La recherche et les interventions gouvernementales ont propulsé le Québec au 7e rang mondial dans le domaine de l’intelligence artificielle (IA). La province dépasse ainsi Israël et la France et suit de près la Corée du Sud et l’Allemagne, selon la plus récente étude réalisée par la firme britannique Tortoise Media et dévoilée ce mercredi.

Basé sur 143 indicateurs répartis en 7 catégories, le « Tortoise Global AI Index » classe depuis 2019 les pays selon leurs forces en intelligence artificielle. Commandée par le Forum IA Québec, un organisme à but non lucratif mis sur pied par le gouvernement Legault en 2020, l’étude de Tortoise s’est penchée pour la première fois plus spécifiquement sur le Québec, en comparant la province à 62 autres pays.

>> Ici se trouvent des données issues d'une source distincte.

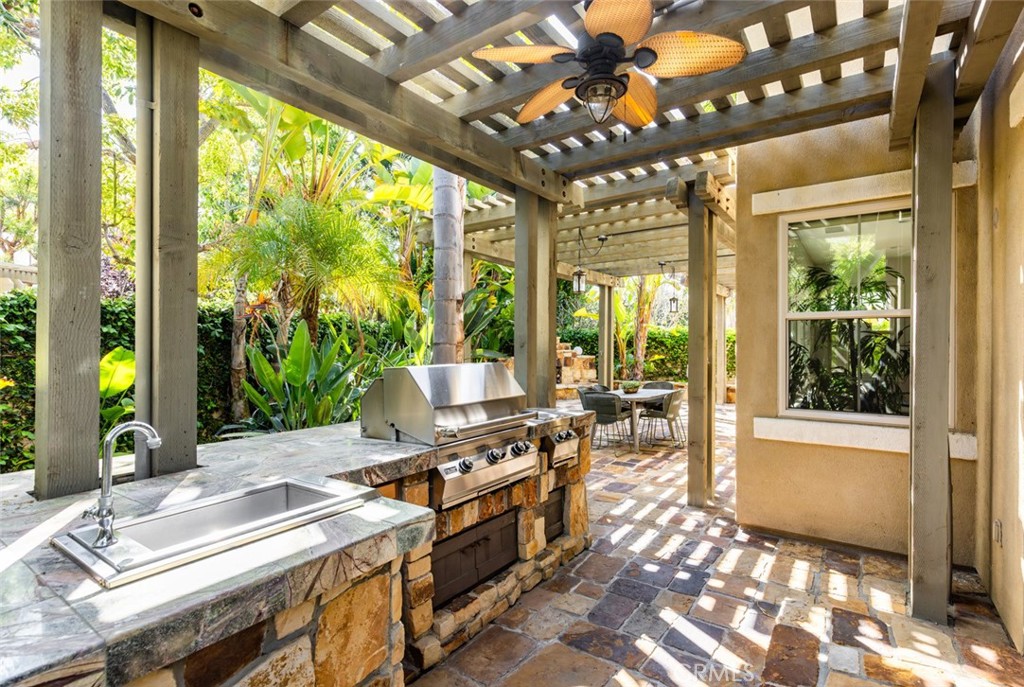 26 Via Fontibre San Clemente, CA 92673 - Photo 42 of 52 a very nice looking room with a large window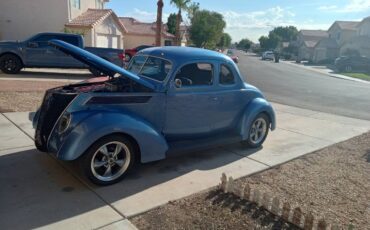 Ford-coupe-1937-blue-1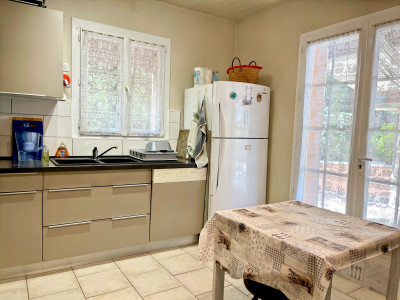 French property for sale in Vidauban, Var - €421,000 - photo 4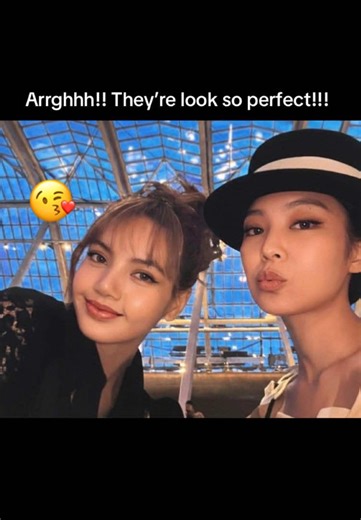 Only jenlisa stans can relate.🥰 #jenlisa #jennie #lisa #blackpink #jenlisaisreal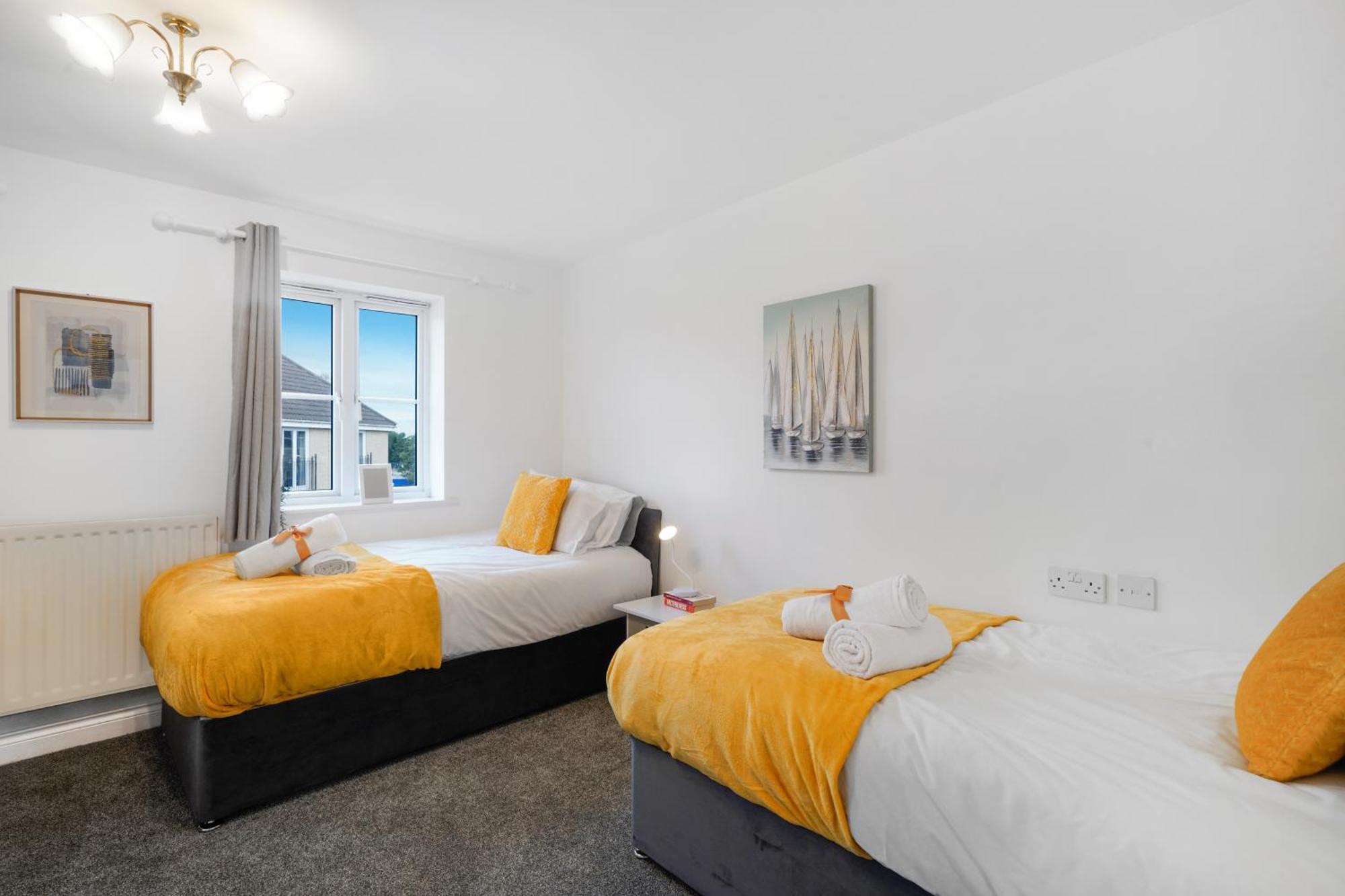 Station & Shops 3Min Walk I Heathrow 15 Mins I X2 Ensuites I Parking X2 Langley Marish Exterior foto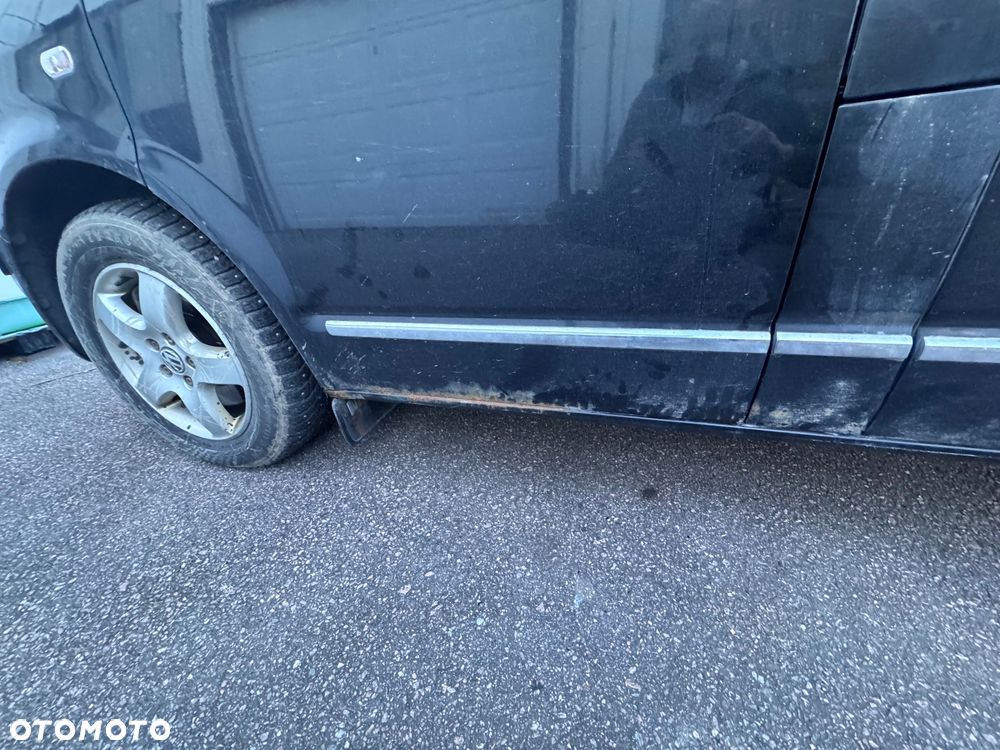 Volkswagen Multivan - 13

« Même Tortoise a été grandement impressionnée par ces données-là, affirme Marie-Paule Jeansonne, PDG du Forum IA Québec. C’est une firme internationale très neutre, qui applique une méthodologie très rigoureuse. »

« Le Québec possède une avance très impressionnante sur de nombreux pays, y compris certains qui font le double de sa taille, confirme Tortoise Medias dans son analyse. Grâce à un écosystème d’IA florissant qui évolue dans les grandes villes du Québec, la province […] a la possibilité d’égaler, voire de surpasser, des pays notables en matière d’IA, de la Corée du Sud à l’Allemagne. »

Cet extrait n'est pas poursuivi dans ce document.